For security people who design user-facing security mechanisms (like me), there’s a tendency to adopt a “couldn’t hurt” attitude towards increasing security, especially when the externalities affect someone else. But when we pass off costs to the user in the form of decreased usability, it can make the system less secure.
Let’s take, as an example, the autocomplete attribute. It was introduced by Microsoft as a non-standard feature in IE5. It allows sites to specify that input elements should be exempted from a browsers ability to store data for easy re-entry.
If a browser remembered your credit card number automatically, the next user of that browser could see it, even if you had logged out. Somewhat scary stuff, and reasonable to restrict with a server-side attribute.
But passwords never autocompleted the same way as other fields. The browser prompts the user to store the password in the password manager. The designers of autocomplete somehow decided setting autocomplete to false should disable the user’s ability to store the password in the password manager.
The perceived threat is that users would store their password on a shared browser, and an attacker on that same browser would be able to access a user’s account without actually knowing the password.

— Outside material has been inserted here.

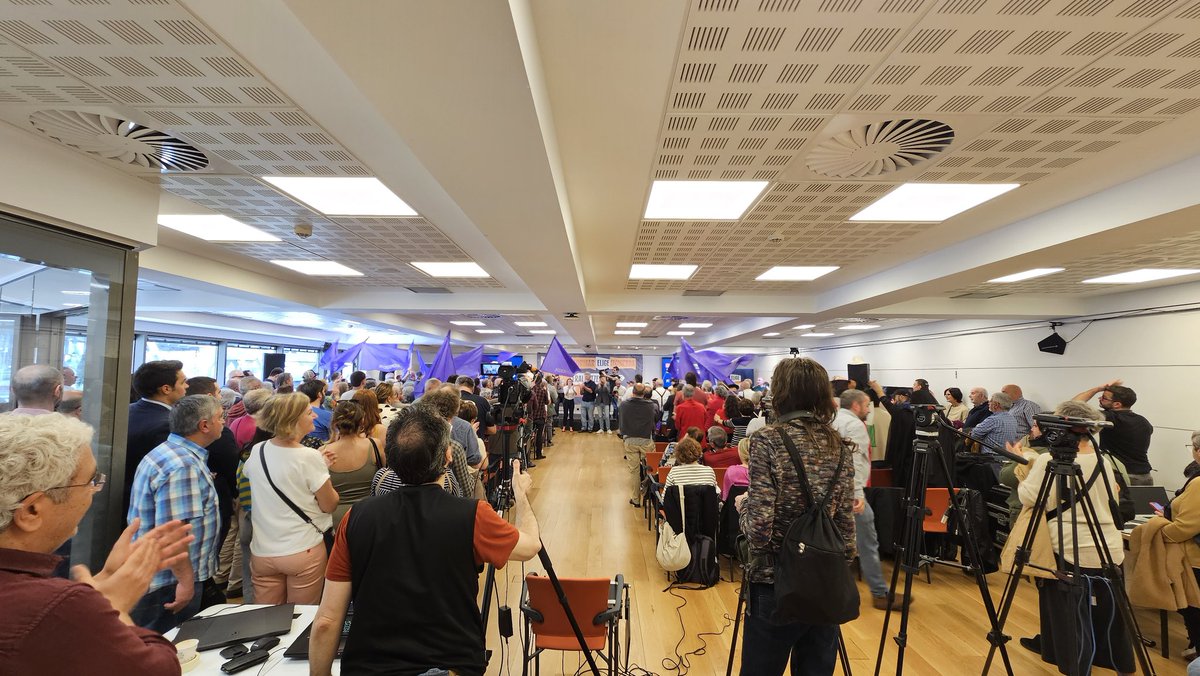 Se nos ha quedado pequeña la sala en el Palacio del Euskalduna de Bilbao para acompañar a nuestros candidatos <a href="/MiGorrotxategi/">Miren Gorrotxategi</a> <a href="/juralde/">Juan López de Uralde</a> y @davidsotrod, con <a href="/IreneMontero/">Irene Montero</a> y <a href="/anavinalsblanco/">Ana Viñals Blanco</a> en este arranque de campaña 🤩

I’m sure the original designers of this feature nodded in solemn agreement about this behavior. In time, countless web security scanners started warning when this field was missing, adding to their finding count and justifying their value. Go to any bank web page, and look at the password form in view source. Sure enough, autocomplete is off for the form or the password input.
If an attacker has access to my computer and active browser, they could install a key logger, reset my bank password through my still-logged in email account, or modify my /etc/hosts file to point to a phishing server and install a rogue CA to boot. Passwords saved in a password manager don’t make that much of a difference in this scenario.
Also, browsers prompt before remembering a password, and kiosks can be set to disable password saving. So now, the threat is an attacker who uses the same not-locked-down computer as me and accesses a website that I have explicitly authorized to remember my password. Compared to something like phishing, this is a non-scaleable and relatively worthless attack.
I believe autocomplete actually has a negative effect on security. If I have to re-type my password each time, I’m less likely to choose a difficult to guess or unique password. Since autocomplete won’t fill in on the wrong domain, I’m more likely to fall for a phishing attack. And, of course, it’s a pain, which means users have less patience for other potentially more important security mechanisms. Saving passwords in the browser is the layman’s 1Password or LastPass, and it’s a helpful security feature. People aren’t good at passwords, and disabling autocomplete exacerbates the problem.
The worst part is that people are failing PCI tests because they don’t have autocomplete disabled. In my opinion, this is an industry-wide standard being perverted to enforce ticky-tack non-vulnerabilities and make everyone’s life a little better harder. I hope that browser makers, security tools, and standards bodies rethink this feature, and stop supporting or recommending it.